これは非常に残念なことです。安全性にしろ薬効にしろ、本来は動物ではないヒトベースの科学で評価を行うべきであり、実際に、動物から離れようとする傾向は医薬品開発においても年々強まっています。
せっかくコア・カリキュラムが改訂されるのに、そういった動向を教えないのだろうか?と不安になりました。
またそもそも実習は、結果のわかっていることを実体験させるためだけに、毎年毎年同じことを繰り返し学生に行わせるものです。わざわざ動物を犠牲にする必要はなく、シミュレーションソフトなどでも学ぶことができます。
これらのことから、PEACEでは、該当部分について修正意見を送りました。
それ以外の働きかけは特にできなかったので心配していましたが、2月14日に公表された修正後のバージョンでは、無事、「(代替法を含む)」が追記されました!

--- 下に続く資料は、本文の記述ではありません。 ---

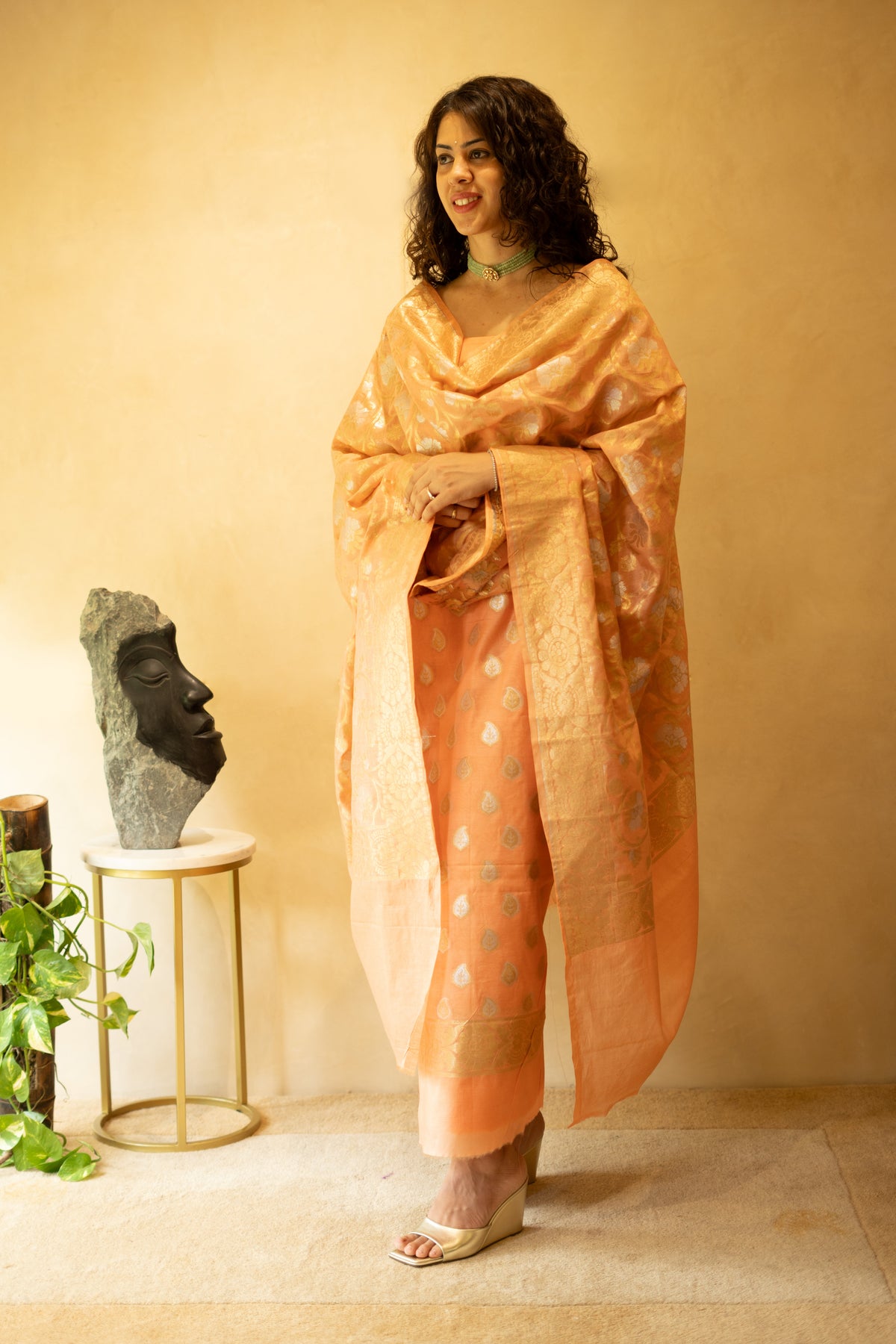 Peach Resham Weave Chanderi Unstitched Suit Set with Woven Dupatta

やはり、動物実験を代替していく流れにあることは理解されているのだと感じます。
パブコメ結果と修正版
- 合同会議 資料1 薬学教育モデル・コア・カリキュラム(案)概要
- 合同会議 参考資料5 薬学教育モデル・コア・カリキュラム(案)※パブリック・コメント後の修正(見え消し)
- 最終確定版:薬学教育モデル・コア・カリキュラム令和4年度改訂版
今回、薬剤師の方で、生きた動物を使う実習に傷ついて退学した学生さんが実際にいることを書いて送ってくださった方もいます。
薬剤師は命を預かるお仕事です。その育成において、生命尊重の教育がなされることを願っています。
薬学部新設は2025年以降、認可申請が認められない
ちなみに、2025年以降、例外を除き6年制薬学部の新設と定員増を不可とすることも決まっています。薬学部が急増していることによって動物実験を行う学部も増えていると感じてきましたが、これで一定の歯止めがかかることになりそうです。
文部科学省は25日、2025年度から6年制薬学部の新設や定員増を抑制する方針を盛り込んだ大学等の設置認可基準を改正する告…
新設薬大の研究生産性が低いという調査結果
薬学部については、2019年、興味深い研究結果が公表されています。2003年以降に薬学部を新設した私立薬系大学の研究生産性は、02年までに設立された旧私立薬系大学に比べて低いという調査結果です。新設私立大の講師以上の教員1人当たりの論文数は、2017年度、旧私立大の半分程度だったとのこと。(第58回日本薬学会・日本薬剤師会・日本病院薬剤師会 中国四国支部学術大会 (2019) での発表)
研究を行った岸本泰司氏(徳島文理大学香川薬学部生命物理化学教授)は、「6年制薬学教育の導入と新設薬学部の増加は、当初から指摘されていた基礎研究力の低下を実際に招きつつある可能性がある」と警鐘を鳴らしていると報道されていました。
「新設私立大において05年から有意に研究生産性が低下しており、これが全体の停滞傾向に寄与していることが考えられる」とも言っているそうですが、果たして無理をして研究する必要があるのでしょうか。
研究生産性を上げようとするのではなく、教育に特化しするか、大学数を減らすべきではないでしょうか。無駄に動物が犠牲になっているように思えてなりません。